Baumol’s Inventory Approach to Transactions Demand for Money –

Baumol put forward a new approach to demand for money which explains the transaction demand for money from the viewpoint of the inventory management. Baumol asserts that individuals hold money (inventory of money) for the transaction purposes.

According to him, individuals have to keep optimum inventory of money for their day to day transaction purposes. They also incur cost when they hold inventories of money and the cost forgone is the interest rate which they could have earned if they had kept their wealth in saving deposits or fixed deposits or invested in bonds or shares. This forgone cost is also called opportunity cost.

Money that people hold in form of currency and demand deposits which are very safe and riskless but pays no interest. While bonds or shares provides returns (interest) but are risky and may also involve capital loss if people invest in them.

But saving deposits in banks are quite safe and riskfree but also gives some interest. So, Baumol questions why peoples hold money in form of currency or cash or demand deposits instead of saving deposits which are quite safe and riskfree and also earns some interest as well.

According to him, it is for convenience and capability of it being easily used for transactions purposes.

Baumol and Tobin proclaims that transactions demand for money depends on the rate of interest.

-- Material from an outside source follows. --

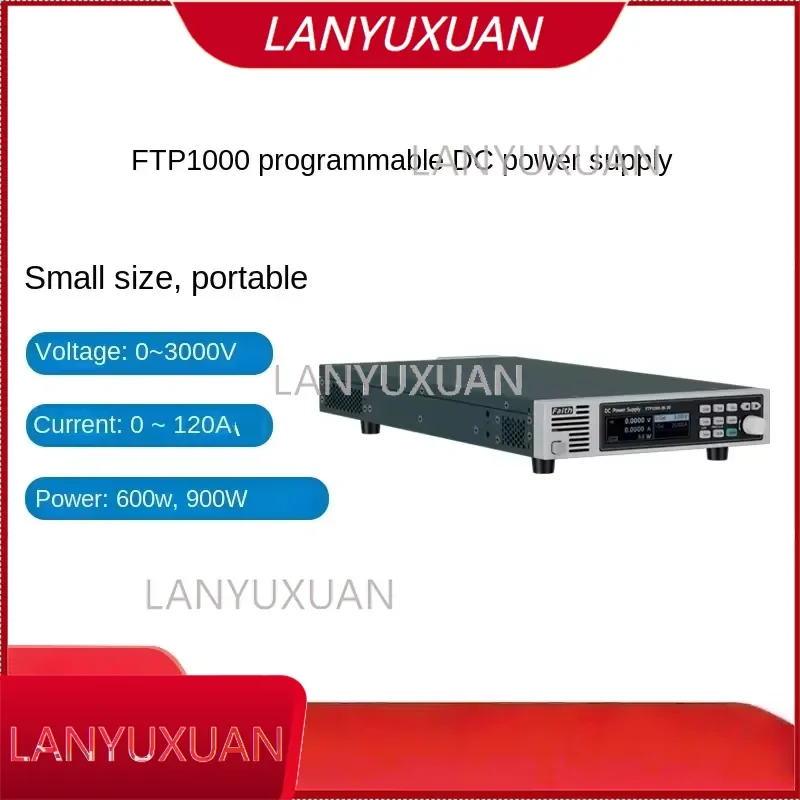 Faith DC Power Supply Programmable FTP1000 with Wide Range Power 600W-900W Controllable Small Volume Regulated Voltage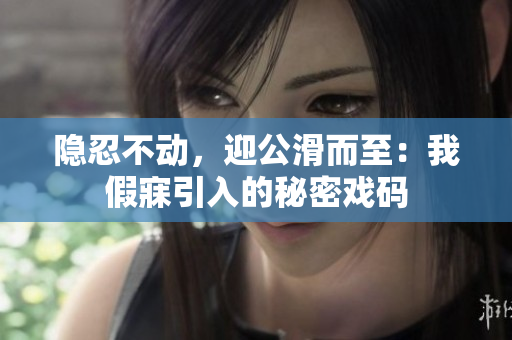 隱忍不動，迎公滑而至：我假寐引入的秘密戲碼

As interest rate on savings deposits goes up people will hold less money in form of currency or cash or demand deposits and vice versa.

So, individuals compare the costs and benefits of funds in the form of money with no interest with the money in the form of savings deposits with some interest.

According to Baumol, the cost forgone when people hold money is the opportunity cost of these funds.

Baumol has proved that the average amount of cash withdrawal which minimizes cost is given by –

C = √2bY/r

This means that average amount of cash withdrawal which minimize cost is the square root of the two times broker’s fee multiplied by the size of individual’s income and divided by the interest rate. This is also called Square Root Rule.